**Task prompt:** Look for the line with "Hà Nội: Thời" in the entries below, then extract that line and all lines after it exactly, with pictures left out.

---------- Supplied data ----------

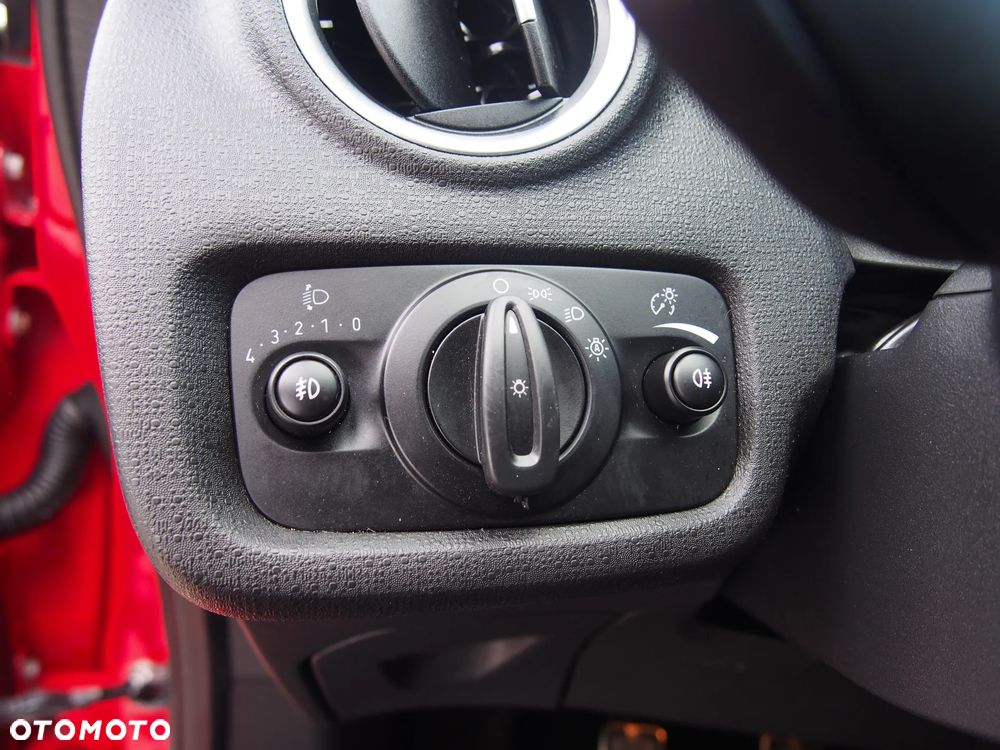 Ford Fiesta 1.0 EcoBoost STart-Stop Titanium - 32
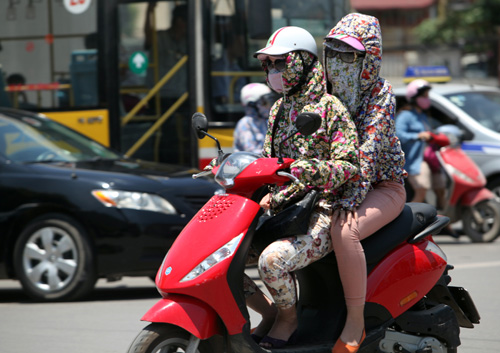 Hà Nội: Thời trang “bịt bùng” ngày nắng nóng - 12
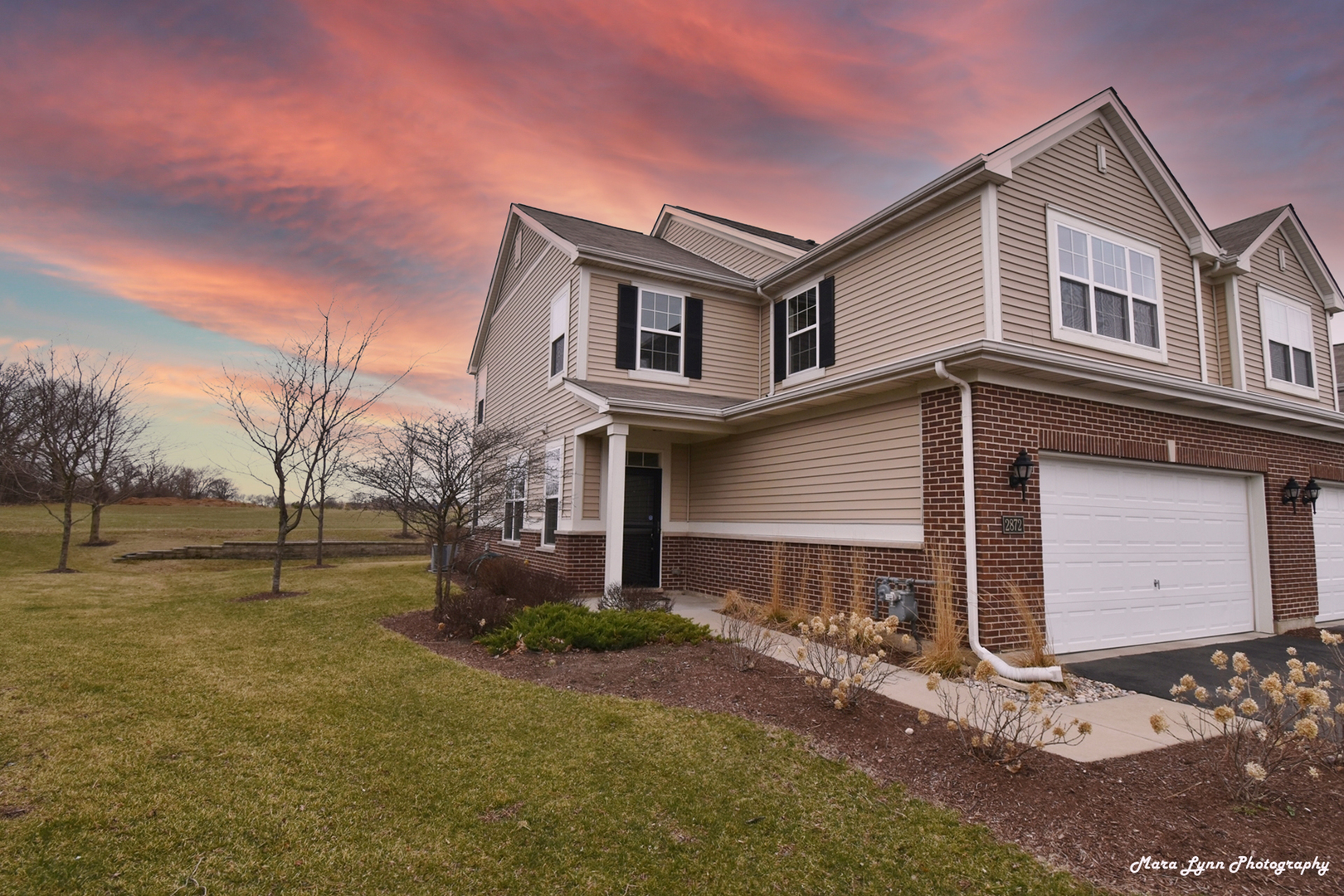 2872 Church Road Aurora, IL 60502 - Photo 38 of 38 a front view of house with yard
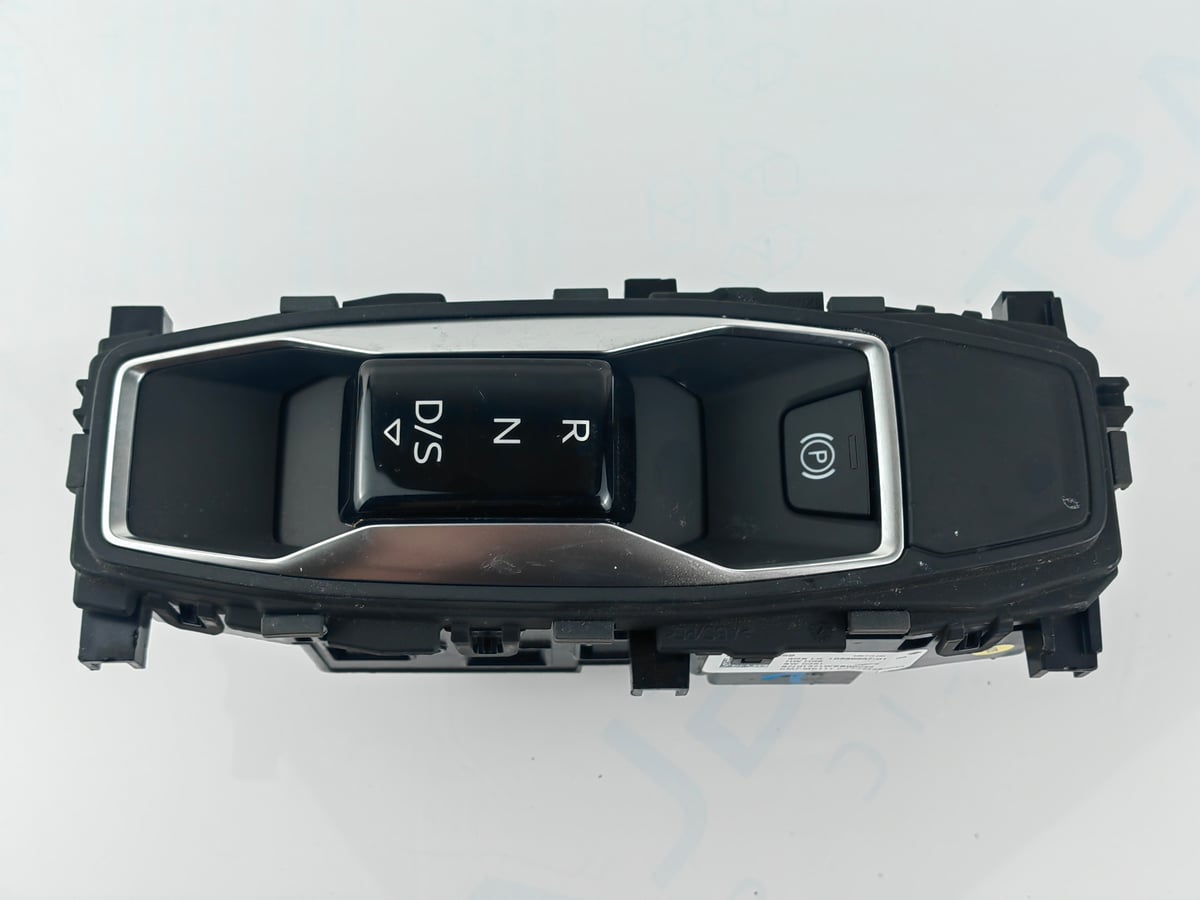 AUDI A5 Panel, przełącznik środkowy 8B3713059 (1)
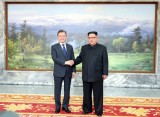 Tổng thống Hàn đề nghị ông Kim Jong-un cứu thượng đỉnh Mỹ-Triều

----------

**Exercise answer:**
 Hà Nội: Thời trang “bịt bùng” ngày nắng nóng - 12
 2872 Church Road Aurora, IL 60502 - Photo 38 of 38 a front view of house with yard
 AUDI A5 Panel, przełącznik środkowy 8B3713059 (1)
 Tổng thống Hàn đề nghị ông Kim Jong-un cứu thượng đỉnh Mỹ-Triều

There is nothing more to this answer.